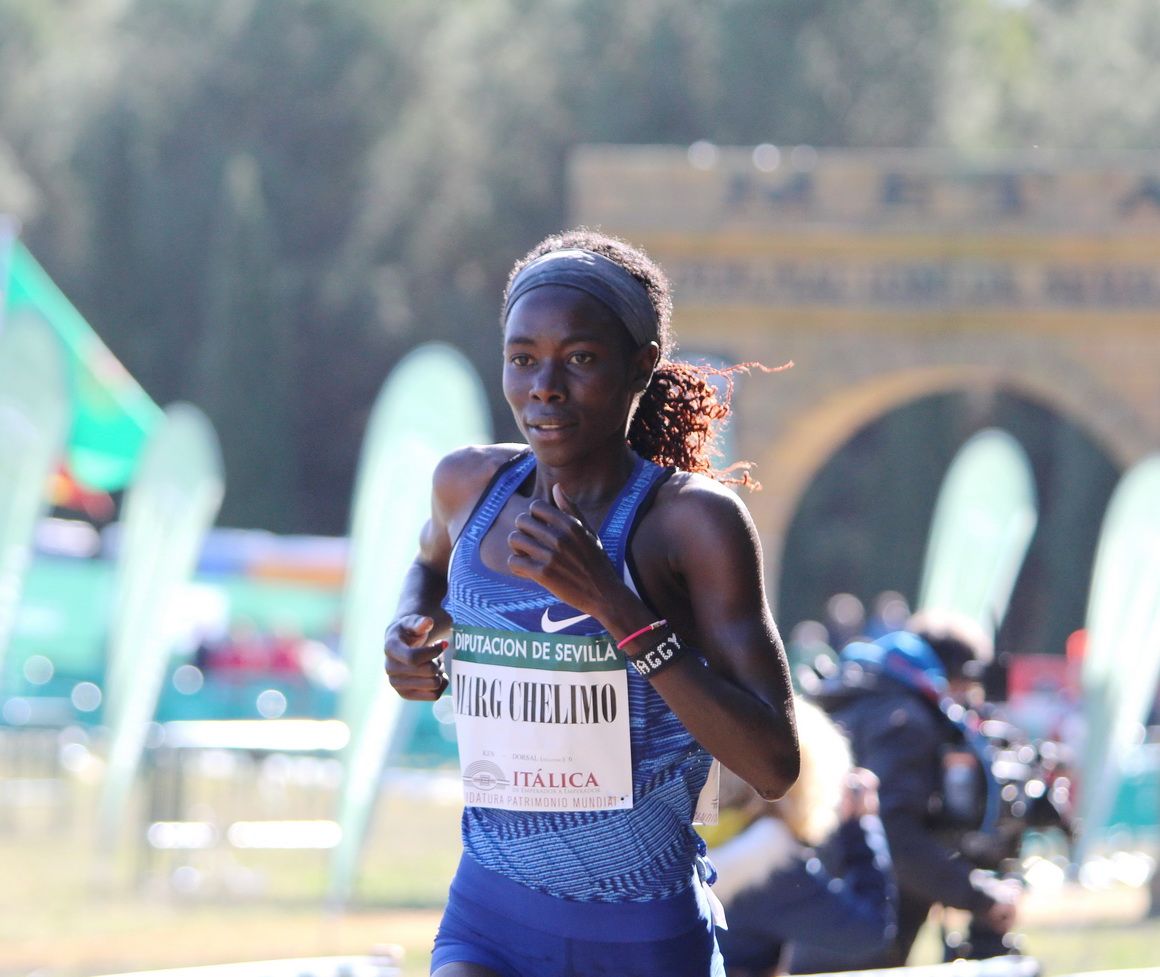 Margaret Chelimo fue la vencedora del Cross de Itálica 2020 |Foto: Fran Aguilera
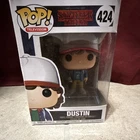Funko Pop! Stranger Things Dustin #424 Vinyl Figure Television Collection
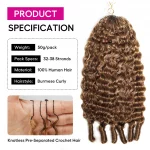 Tinashe hair highlight crochet hair (3)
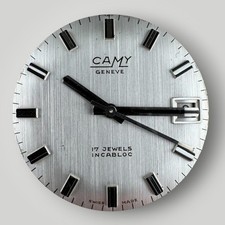 Camy Geneve 7304 Swiss Made Men’s Watch – 17 Jewels Incabloc – Spares/Repairs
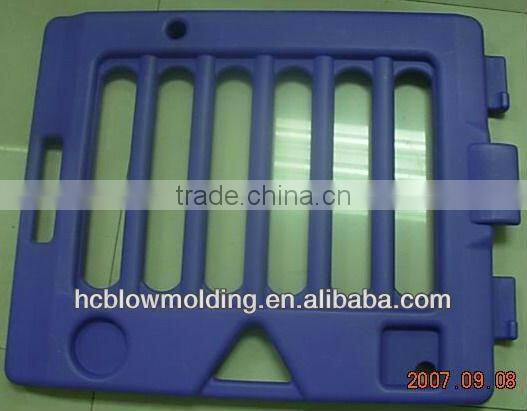 OEM Blow Molding Plastic Garden Fencing Removeable Portable Picket Fence Hui Zhou Factory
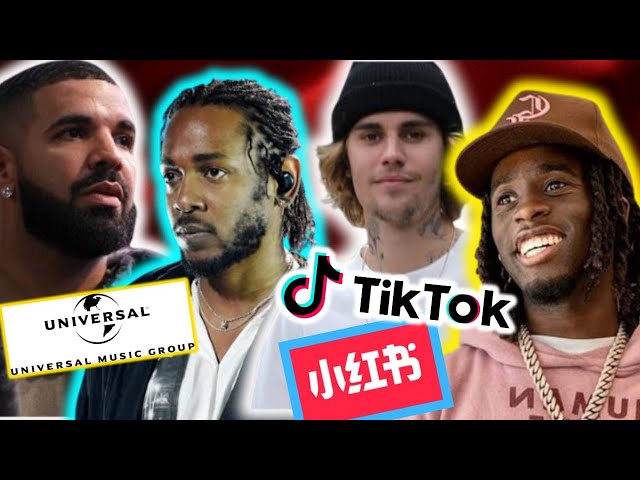 TikTokers fleeing to RedNote~Drake sues UMG for defamation also calls out Kai Cenat+Justin Bieber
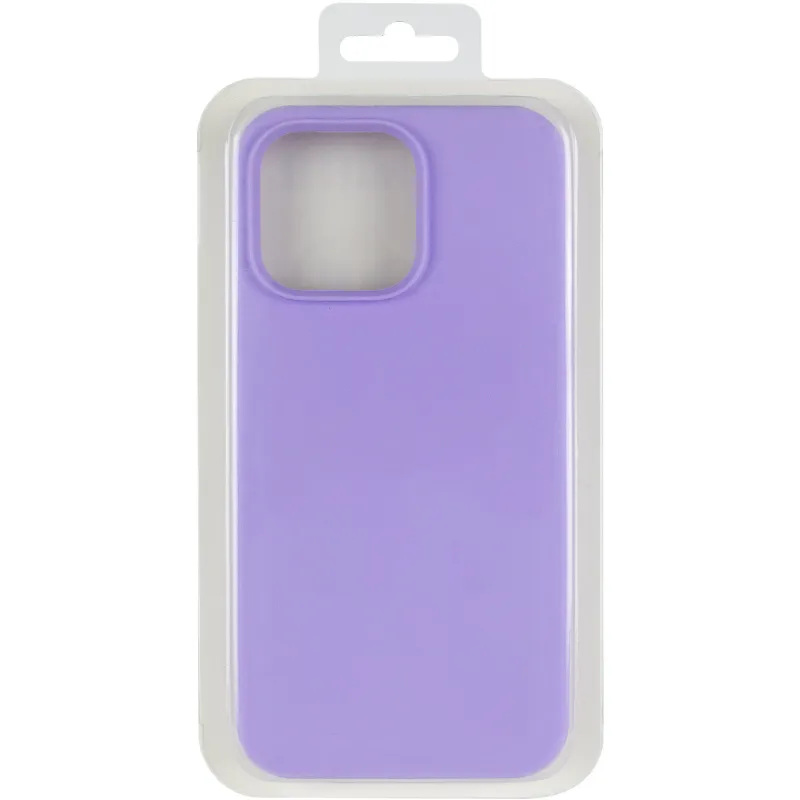 Чохол Silk Full Protective (AA) NO LOGO для Apple iPhone 13 Pro Max (6.7") – Бузковий / Dasheen. Фото 9 з 12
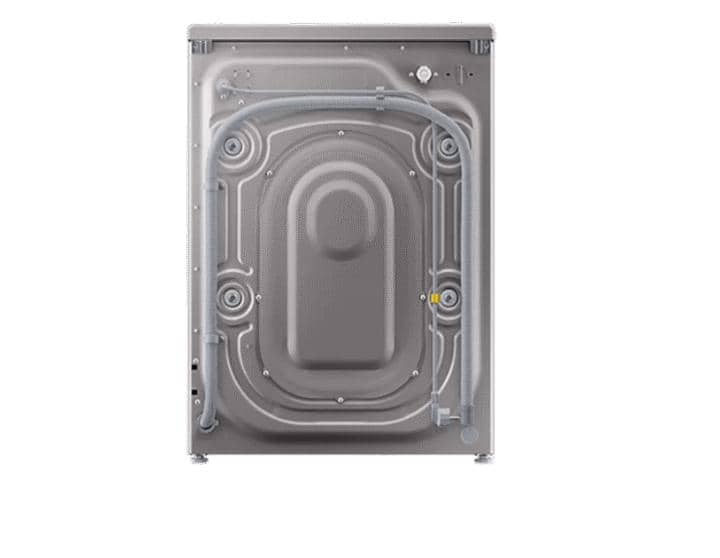 Wash Smarter with Samsung Slim465 – 8kg Digital Inverter [WW80T3040BS/NQ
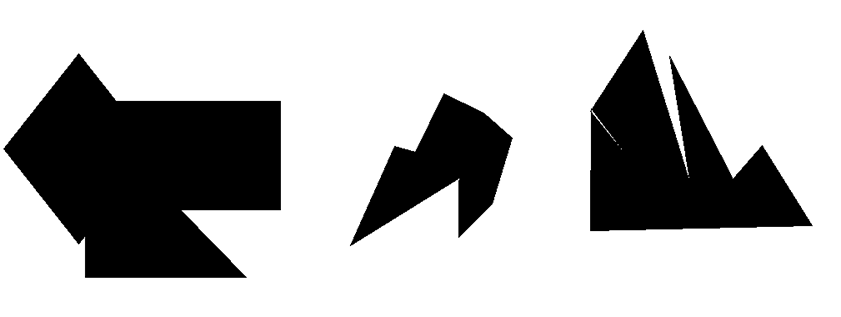 Ejemplo de figuras rectilíneas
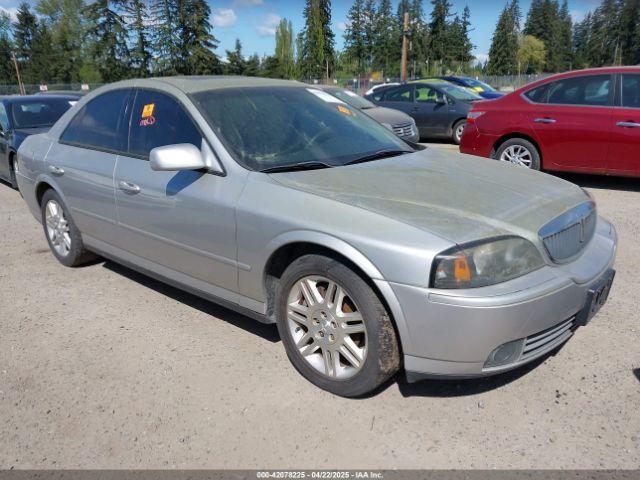  Salvage Lincoln LS
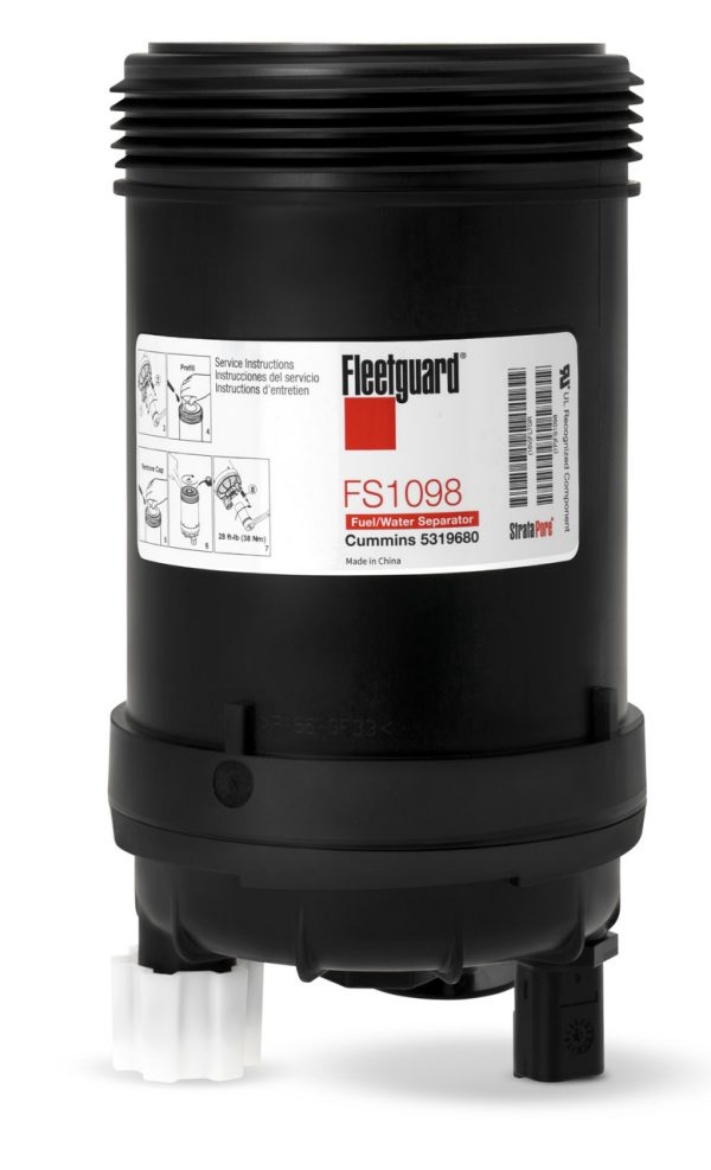 Picture of Filter, Fuel, Water/Separator, Fleetguard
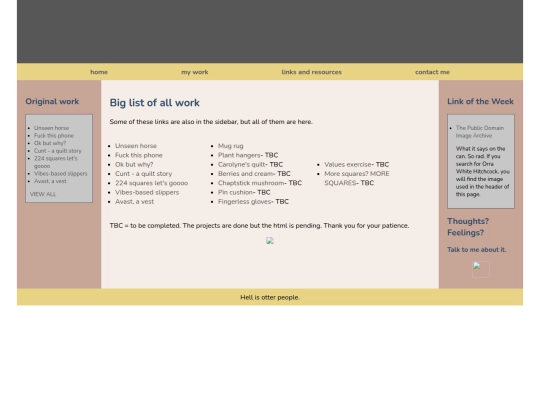 mywork screenshot
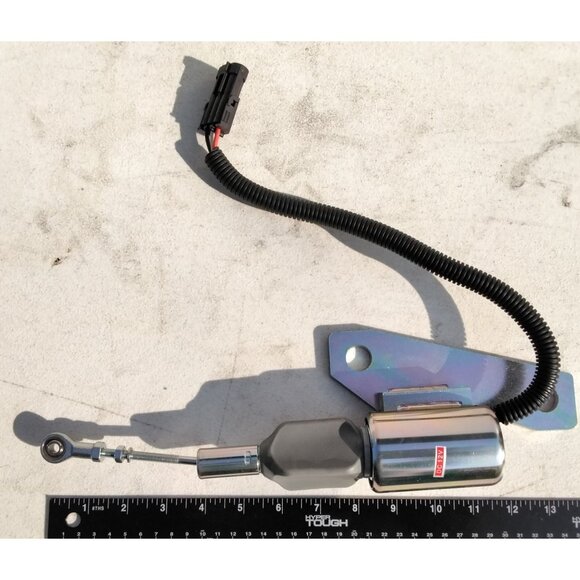 Holdwell Shutoff Solenoid Valve 3991625 compatible with Cummins 5.9L 6BT Hyundai - Picture 6 of 9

- - -

TASK DETAILS.
An exact copy is needed of every line from the line containing "Salvage Lincoln LS" to the last line of the records; pictures stay out of it.

RESULT FOR THIS TASK.
  Salvage Lincoln LS
 Picture of Filter, Fuel, Water/Separator, Fleetguard
 mywork screenshot
 Holdwell Shutoff Solenoid Valve 3991625 compatible with Cummins 5.9L 6BT Hyundai - Picture 6 of 9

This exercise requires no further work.